One of the strengths of Bob Crow’s politics was his ability to work easily outside the Labour Party, unlike many union leaders where support for Labour is hard coded into the rule books. This might not seem such an issue now with Jeremy Corbyn at the helm, but think back to the Tony Blair days and you can quickly see how restrictive this one-party policy can be for activists in unions trying to challenge government policy or support organisations to the left of Labour. Far from taking a syndicalist approach as some on the left have accused him, his multi-party approach to political representation led the RMT to have one of the largest parliamentary groups of any union in the House of Commons.
Privatisation and the anti-union laws
The most interesting area covered in Gregor Gall’s book and explored in some detail is Bob Crow’s relationship with the anti-union laws and the issue of privatisation. As Gall says: ‘strikes against privatisation per se and the breaking of the anti-union laws, in spite of Crow’s advocacy, were absent under his tenure as they had been under Knapp’ (p.200), Knapp being the previous leader of the RMT. Tory anti-trade union legislation is deliberately designed to make strikes difficult to call and are particularly aimed at outlawing strikes over the outsourcing of industry and services in the form of privatisation. Although Bob Crow was an outspoken opponent of them, the evidence points to a separation of politics and economics where he was reluctant to lead any strikes which might have led to such a political confrontation with the government. No doubt the threat of sequestration of union funds, had they fallen foul of the law, played a major factor, but the question remains, how do we defeat these laws if we are not prepared to tackle them on head on?

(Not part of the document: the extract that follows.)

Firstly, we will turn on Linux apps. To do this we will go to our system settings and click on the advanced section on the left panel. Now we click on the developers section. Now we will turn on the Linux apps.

The first duty of a union leader should be to be on the side of the union’s members as they fight to win better terms and conditions from their employers. It is clear from the evidence assembled by Gregor Gall that members of the RMT could be confident their leader was on their side and fighting to win. I contrast this with my own union, UCU, where at times it feels like the leadership are more obsessed with fighting the left inside the union than successfully progressing disputes. The terms and conditions achieved by RMT members, in particular the most militant on the London Underground, are a testament to Bob Crow’s non-sectarian approach.

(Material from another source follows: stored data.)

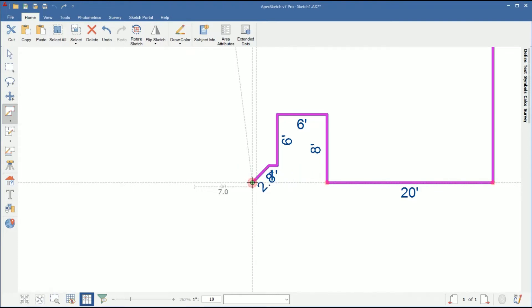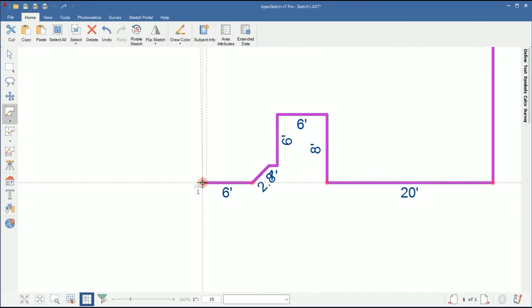The middle wall is 6 feet, so I'll go ahead and tap 6, tap my left arrow, tap enter to draw the middle wall.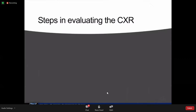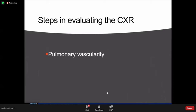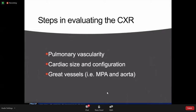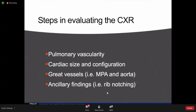Here are the steps in evaluating your chest X-ray. You can go from inside out, or outside in — the key is to be systematic so you do not miss any important details. I usually look at pulmonary vascularity first, as from here I can already deduce whether I am dealing with acquired or congenital heart disease. After that, I look at cardiac size and configuration, then the great vessels — the main pulmonary artery and the aorta — and lastly, other findings.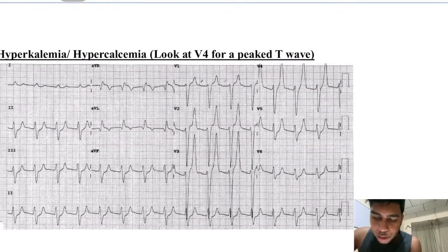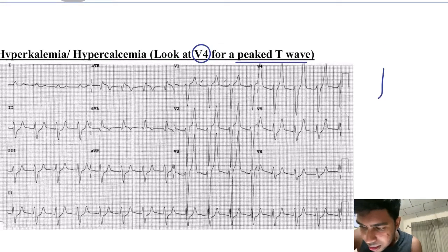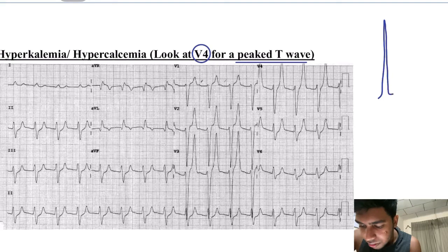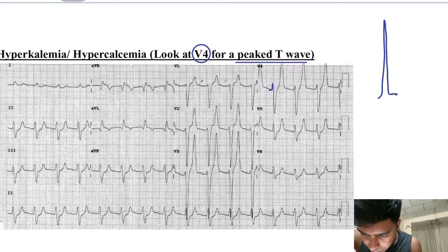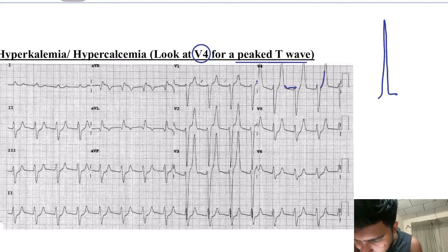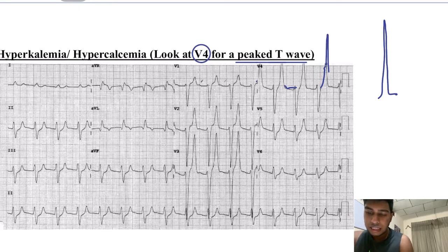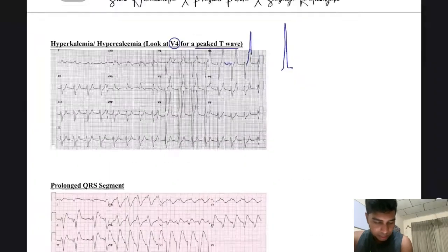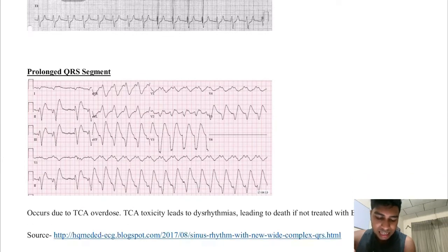In hyperkalemia, look at lead V4 and you will see a peaked T wave — that is just the T wave which is enlarged, you can see it has gone out of the ECG. Look carefully: the R wave ends here and the T wave is going up afterwards. It's just the T wave which is peaked.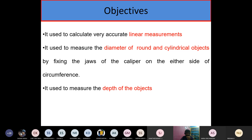The vernier caliper is used to calculate very accurate linear measurements and to measure the diameter of round and cylindrical objects. We have two types of jaws: upper jaw and lower jaw. To measure the external diameter, we consider the lower jaw. To measure the internal diameter, we consider the upper jaw. We can also measure the depth of the object.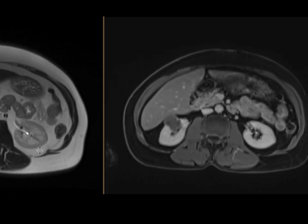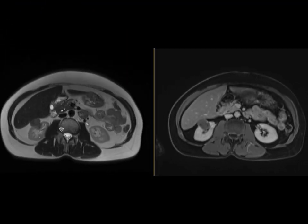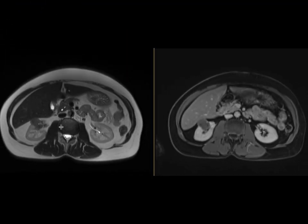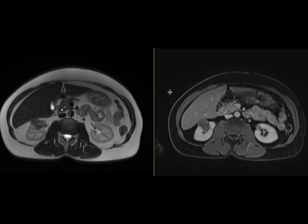This imaging feature of a T2 hypo-intense renal mass with low-level enhancement is a classic finding of papillary cell renal neoplasms. The most common renal cell neoplasm is clear cell, which tends to have more hyper-intense T2 signal and more brisk enhancement. Papillary cell neoplasms have sort of the opposite signal.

Gregor Gall’s book is full of interesting facts and does bring to life this extraordinary man. Whether it achieves its objective of critically analysing his life from a Marxist perspective is debateable. I feel it would have benefited more from an analysis of Bob’s involvement in the movements and activism outside the RMT, and how this influenced his practice along with more detail on his interaction with and the rank and file of the union he led.